How to transfer large files between microservices?

R

Rodion2021-12-05 15:42:55

Service Oriented Architecture

Rodion, 2021-12-05 15:42:55

Good afternoon!

I immediately apologize if the tag is incorrect: there are problems with this. I ask and allow me to correct

it. Briefly:
- There is a storage of heavy files (about 1TB for each)
- There is a set of microservices-workers who, according to the task at a certain moment, want to download a file from the storage and at a certain moment upload it back
- Between the storage and microservices - sit down one, local
- The services themselves are written in Python
- File transfer is currently organized by opening subprocesses (standard library subprocess ) with the command scp /local-file [email protected]:remote

I consider the current option not optimal and almost unmanageable. Are there any better practices for transferring large files back and forth? It is desirable that this works well in Docker containers via docker volumes .

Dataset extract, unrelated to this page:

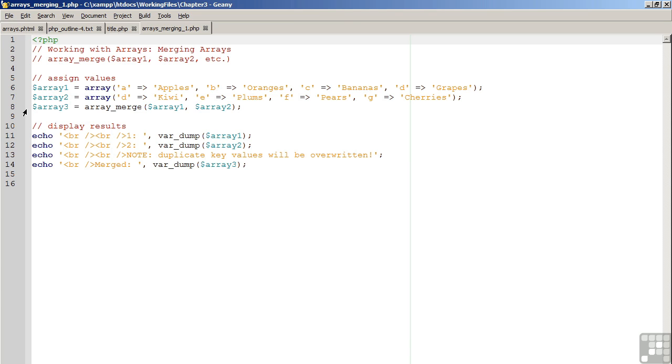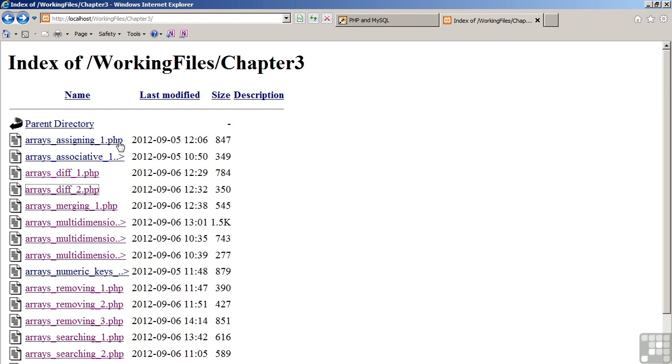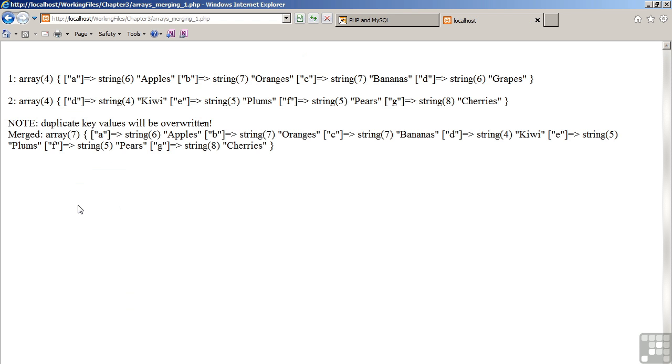Moving now to the browser, let's look at the output from this example. So again, our two original arrays, both of Length 4.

I'm considering a variant towards pure Nginx (the usual return of statics) or the solution found by minio (which I have not studied yet).

Reply

Answer the question

In order to leave comments, you need to log in

2 answer(s)

I

Ivan Shumov, 2021-12-05
@inoise

Depends on the nature of file processing and division of responsibility. There are both options for s3 storages, as well as streaming through Kafka, and network protocols that do not disappear anywhere (nfs and iscsi, if I remember the abbreviations correctly)

U

uvelichitel, 2021-12-05
@uvelichitel

The fastest way to transfer between nix systems is with the nc command . You can use it instead of scp .
If the processing profile is such that the microservice often uses the same heavy files, then it is possible to keep a local copy of such a frequently used file on the machine with the service. Synchronize with the repository with the rsync command . In this case, only the changes made will be transmitted, the traffic will be significantly reduced, and it will work faster.
Well, the first thing that comes to mind is the obvious question - why not run processing on the storage machine so as not to drive heavy files?